Gold and silver prices perked up a bit last week to put an end to their recent string of losses. XAU/USD notched a gain of 1.44% while XAG/USD edged 2.74% higher on balance. Precious metals likely benefited from a slightly softer US Dollar as the recent surge in real yields paused. Gold price action generally holds a strong inverse relationship with real yields as highlighted by the chart below.
That said, gold prices might come back under pressure looking to the week ahead. This is in consideration of the prevailing trend higher in real yields and event risk posed by the upcoming Federal Reserve interest rate decision. The scheduled Fed announcement expected to cross market wires on Wednesday, 17 March at 18:00 GMT will include updated economic projections, which stands to weigh materially on the direction of real yields and gold.

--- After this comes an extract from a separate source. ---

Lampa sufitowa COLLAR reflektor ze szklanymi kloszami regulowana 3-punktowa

Dot plot projections for the target Fed funds rate, in addition to the median inflation forecast provided by FOMC officials, could come under scrutiny in particular. Gold prices might react positively if there is a noteworthy upgrade to core PCE inflation, but this could be offset if the central bank brings forward its next projected rate hike as the latter would likely boost real yields and the US Dollar. Fed Chair Jerome Powell will also spearhead a press conference shortly following the statement release.
Powell might toe the line laid out during his last speech earlier this month, which basically highlighted how the Fed is comfortable with Treasury yields rising as it broadly underpins better outlook for the US economy. Echoing this message could ignite another selloff across bonds and precious metals. On the other hand, if Fed Chair Powell changes his tune and signals appetite for pushing asset purchases further down the curve to keep a lid on long-term borrowing costs, this would likely provide a much-needed fundamental catalyst to reinvigorate gold bulls.

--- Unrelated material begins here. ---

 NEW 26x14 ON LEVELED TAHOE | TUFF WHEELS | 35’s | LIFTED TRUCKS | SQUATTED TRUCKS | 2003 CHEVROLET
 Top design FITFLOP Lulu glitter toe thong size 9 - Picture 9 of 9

Gold price action might also gyrate in response to Fed guidance on supplementary leverage ratio requirements for banks. The Fed enabled US banks to expand their balance sheets by temporarily excluding US Treasuries and deposits held with Federal Reserve banks from capital adequacy calculations, which broadly increased SLRs. Signaling a walk-back from this temporary relaxation in capital requirements could hurt demand for US Treasuries, and in turn, push yields higher and gold lower.